The lambda calculus was conceived by Church, and to some extent by Curry (see [1] and [2]), as a general theory of functions, more precisely as a formalization of two basic functional concepts: application and abstraction. This claim to universality was impossible to maintain, for it soon became apparent that functions in the calculus are required to have properties which are by no means universal. Self-application is certainly a very special feature, but more relevant from our point of view is the existence of fixed points, which is definitely a nonuniversal property of functions. This situation was not ignored, but was considered rather as a form of inconsistency very much related to the paradoxes of set theory (for example, see the discussion of the paradoxical combinator in [2]).

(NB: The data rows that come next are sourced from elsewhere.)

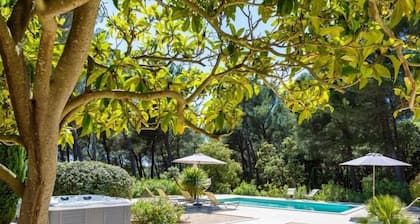 Les Mazets du Luberon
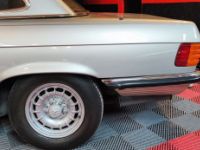 Mercedes 380 SL - <small></small> 25.000 € <small>TTC</small> - #30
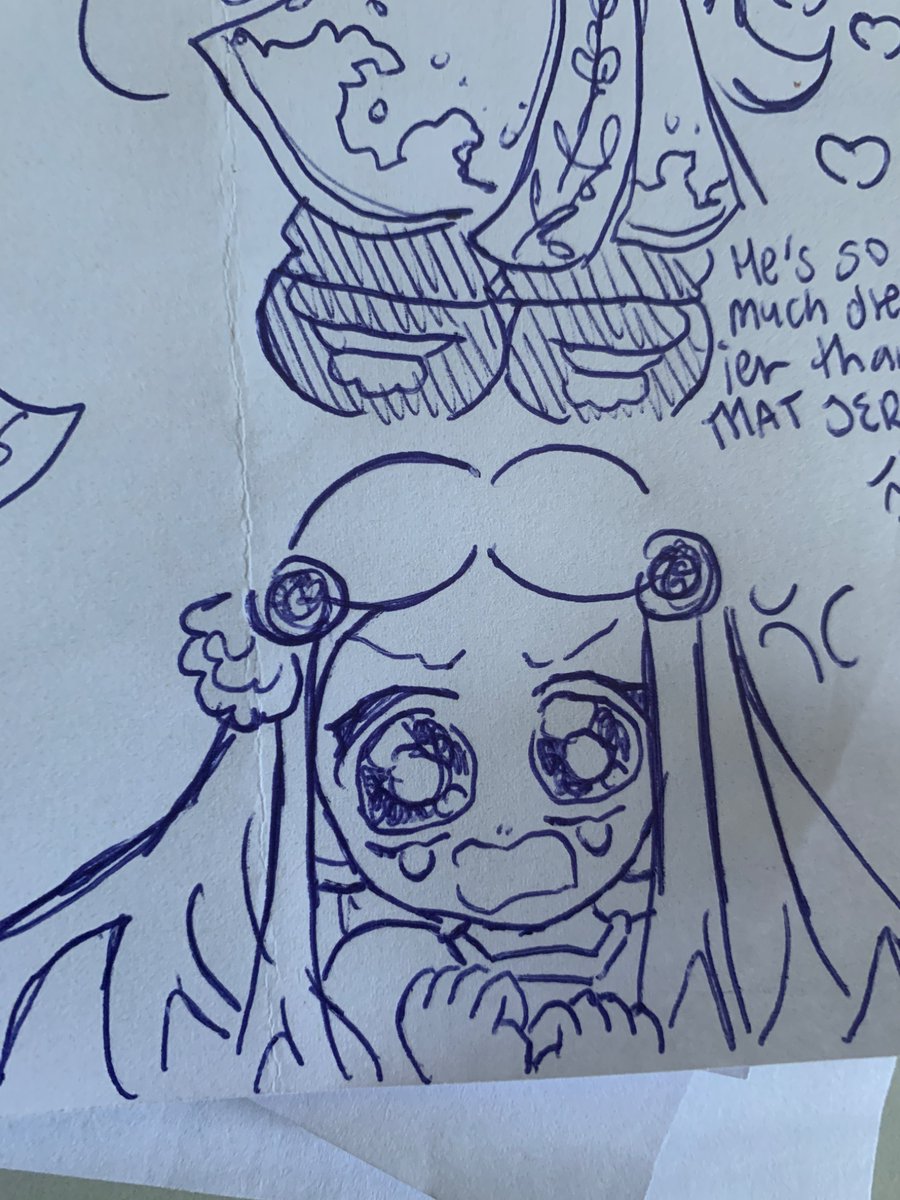 Vivi🥮 tweet media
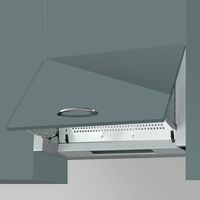 ManoMano Integrated Cooker Hoods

More recently, the lambda calculus has been studied by people in computer science, and as a result the algorithmic nature of the system has been more explicitly recognized. Eventually, the right approach was taken by D. Scott (see [4] and [5]) who restricted the objects of the calculus to continuous functionals over complete lattices, which can be combined in structures where application and abstraction are properly interpreted. It soon became clear that complete lattices were not necessary, and more general structures were introduced. On the other hand the requirement of continuity was essential for the construction, and has remained a basic feature. It is one of the purposes of this paper to show that in the general situation continuity can be replaced by monotonicity.

The work of Scott was extended by Wadsworth [6], who gave a precise formulation of the operational semantics, and proved the equivalence to Scott's interpretation.